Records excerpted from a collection
..........

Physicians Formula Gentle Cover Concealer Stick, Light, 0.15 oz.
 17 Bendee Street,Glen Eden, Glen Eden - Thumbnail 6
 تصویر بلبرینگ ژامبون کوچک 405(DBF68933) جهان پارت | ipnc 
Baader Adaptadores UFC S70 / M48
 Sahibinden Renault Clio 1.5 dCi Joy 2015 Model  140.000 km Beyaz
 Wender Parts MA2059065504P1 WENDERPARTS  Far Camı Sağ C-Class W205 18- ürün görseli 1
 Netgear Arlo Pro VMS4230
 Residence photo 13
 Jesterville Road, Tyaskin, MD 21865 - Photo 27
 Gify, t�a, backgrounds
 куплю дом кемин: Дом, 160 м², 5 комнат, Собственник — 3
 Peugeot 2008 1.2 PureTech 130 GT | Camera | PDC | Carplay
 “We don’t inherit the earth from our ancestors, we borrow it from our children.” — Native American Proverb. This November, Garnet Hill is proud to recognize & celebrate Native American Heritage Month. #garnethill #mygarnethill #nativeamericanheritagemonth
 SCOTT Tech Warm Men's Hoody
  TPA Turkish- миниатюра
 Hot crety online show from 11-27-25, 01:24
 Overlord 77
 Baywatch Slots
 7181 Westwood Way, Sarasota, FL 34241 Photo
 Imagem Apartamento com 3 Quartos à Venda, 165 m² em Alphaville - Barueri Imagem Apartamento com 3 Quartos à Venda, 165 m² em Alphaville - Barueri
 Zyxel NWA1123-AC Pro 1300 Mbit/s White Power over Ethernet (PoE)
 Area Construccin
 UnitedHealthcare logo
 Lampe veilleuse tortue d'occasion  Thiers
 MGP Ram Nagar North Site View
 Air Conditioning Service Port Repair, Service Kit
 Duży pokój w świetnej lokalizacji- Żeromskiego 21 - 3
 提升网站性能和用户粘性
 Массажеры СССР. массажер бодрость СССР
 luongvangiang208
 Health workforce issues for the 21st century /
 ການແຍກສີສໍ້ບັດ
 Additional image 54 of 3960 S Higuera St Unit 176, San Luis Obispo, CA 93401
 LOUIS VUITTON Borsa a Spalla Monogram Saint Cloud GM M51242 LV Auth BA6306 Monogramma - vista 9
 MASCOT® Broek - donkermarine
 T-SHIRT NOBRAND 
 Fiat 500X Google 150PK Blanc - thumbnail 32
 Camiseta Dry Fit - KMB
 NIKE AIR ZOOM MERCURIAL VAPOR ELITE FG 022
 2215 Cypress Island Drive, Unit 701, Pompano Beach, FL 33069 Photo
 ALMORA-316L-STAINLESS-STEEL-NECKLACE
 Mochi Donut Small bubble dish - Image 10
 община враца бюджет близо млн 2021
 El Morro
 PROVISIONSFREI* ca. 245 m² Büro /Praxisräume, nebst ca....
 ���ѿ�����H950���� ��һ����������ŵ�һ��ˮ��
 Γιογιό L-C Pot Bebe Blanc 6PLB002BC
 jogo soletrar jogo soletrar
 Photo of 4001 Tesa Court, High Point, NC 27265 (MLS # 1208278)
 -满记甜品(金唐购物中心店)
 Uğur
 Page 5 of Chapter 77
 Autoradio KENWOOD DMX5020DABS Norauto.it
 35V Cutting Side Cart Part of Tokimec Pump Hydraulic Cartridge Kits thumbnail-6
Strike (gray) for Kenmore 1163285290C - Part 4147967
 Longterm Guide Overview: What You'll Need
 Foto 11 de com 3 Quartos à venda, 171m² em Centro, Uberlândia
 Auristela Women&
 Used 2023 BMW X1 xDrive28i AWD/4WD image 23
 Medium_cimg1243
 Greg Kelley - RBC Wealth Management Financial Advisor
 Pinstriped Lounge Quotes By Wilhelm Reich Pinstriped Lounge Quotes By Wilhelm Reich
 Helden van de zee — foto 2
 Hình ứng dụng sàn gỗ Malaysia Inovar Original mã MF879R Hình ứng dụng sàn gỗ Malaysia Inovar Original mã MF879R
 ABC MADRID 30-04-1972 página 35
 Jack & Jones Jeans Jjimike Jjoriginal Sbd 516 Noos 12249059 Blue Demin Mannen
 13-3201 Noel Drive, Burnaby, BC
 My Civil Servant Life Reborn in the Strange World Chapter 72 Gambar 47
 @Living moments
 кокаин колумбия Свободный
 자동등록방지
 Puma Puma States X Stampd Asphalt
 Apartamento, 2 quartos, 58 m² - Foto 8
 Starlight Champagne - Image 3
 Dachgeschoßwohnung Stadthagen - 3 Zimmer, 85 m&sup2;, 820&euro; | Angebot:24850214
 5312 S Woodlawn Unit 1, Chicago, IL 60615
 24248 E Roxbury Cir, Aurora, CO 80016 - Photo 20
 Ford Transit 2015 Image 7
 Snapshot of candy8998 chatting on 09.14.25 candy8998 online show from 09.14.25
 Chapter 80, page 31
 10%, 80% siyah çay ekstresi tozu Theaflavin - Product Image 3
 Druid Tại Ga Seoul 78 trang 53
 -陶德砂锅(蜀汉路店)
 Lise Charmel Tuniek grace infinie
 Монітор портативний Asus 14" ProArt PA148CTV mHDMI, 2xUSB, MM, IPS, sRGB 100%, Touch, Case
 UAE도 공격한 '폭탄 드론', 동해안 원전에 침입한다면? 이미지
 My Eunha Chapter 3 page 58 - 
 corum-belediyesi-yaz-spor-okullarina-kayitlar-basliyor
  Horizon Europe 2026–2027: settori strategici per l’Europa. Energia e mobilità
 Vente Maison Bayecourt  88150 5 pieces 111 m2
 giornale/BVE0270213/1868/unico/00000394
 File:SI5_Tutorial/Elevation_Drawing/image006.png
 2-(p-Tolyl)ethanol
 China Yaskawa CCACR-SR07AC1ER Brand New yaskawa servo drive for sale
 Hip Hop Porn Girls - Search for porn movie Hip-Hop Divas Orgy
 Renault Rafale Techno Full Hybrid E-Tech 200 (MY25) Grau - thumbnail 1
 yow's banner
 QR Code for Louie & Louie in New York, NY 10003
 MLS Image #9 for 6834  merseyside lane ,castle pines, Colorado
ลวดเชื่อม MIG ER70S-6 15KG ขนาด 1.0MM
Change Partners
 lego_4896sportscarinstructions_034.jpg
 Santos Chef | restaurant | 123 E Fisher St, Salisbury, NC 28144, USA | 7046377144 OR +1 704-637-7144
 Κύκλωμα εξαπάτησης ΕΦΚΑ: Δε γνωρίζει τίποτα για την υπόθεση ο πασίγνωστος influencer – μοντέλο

..........

REQUIRED WORK >>
The output should be exactly the lines above from the line containing "Sahibinden Renault Clio" to the line containing "Additional image 54", inclusive, with no other lines.

REPLY TO THE TASK >>
 Sahibinden Renault Clio 1.5 dCi Joy 2015 Model  140.000 km Beyaz
 Wender Parts MA2059065504P1 WENDERPARTS  Far Camı Sağ C-Class W205 18- ürün görseli 1
 Netgear Arlo Pro VMS4230
 Residence photo 13
 Jesterville Road, Tyaskin, MD 21865 - Photo 27
 Gify, t�a, backgrounds
 куплю дом кемин: Дом, 160 м², 5 комнат, Собственник — 3
 Peugeot 2008 1.2 PureTech 130 GT | Camera | PDC | Carplay
 “We don’t inherit the earth from our ancestors, we borrow it from our children.” — Native American Proverb. This November, Garnet Hill is proud to recognize & celebrate Native American Heritage Month. #garnethill #mygarnethill #nativeamericanheritagemonth
 SCOTT Tech Warm Men's Hoody
  TPA Turkish- миниатюра
 Hot crety online show from 11-27-25, 01:24
 Overlord 77
 Baywatch Slots
 7181 Westwood Way, Sarasota, FL 34241 Photo
 Imagem Apartamento com 3 Quartos à Venda, 165 m² em Alphaville - Barueri Imagem Apartamento com 3 Quartos à Venda, 165 m² em Alphaville - Barueri
 Zyxel NWA1123-AC Pro 1300 Mbit/s White Power over Ethernet (PoE)
 Area Construccin
 UnitedHealthcare logo
 Lampe veilleuse tortue d'occasion  Thiers
 MGP Ram Nagar North Site View
 Air Conditioning Service Port Repair, Service Kit
 Duży pokój w świetnej lokalizacji- Żeromskiego 21 - 3
 提升网站性能和用户粘性
 Массажеры СССР. массажер бодрость СССР
 luongvangiang208
 Health workforce issues for the 21st century /
 ການແຍກສີສໍ້ບັດ
 Additional image 54 of 3960 S Higuera St Unit 176, San Luis Obispo, CA 93401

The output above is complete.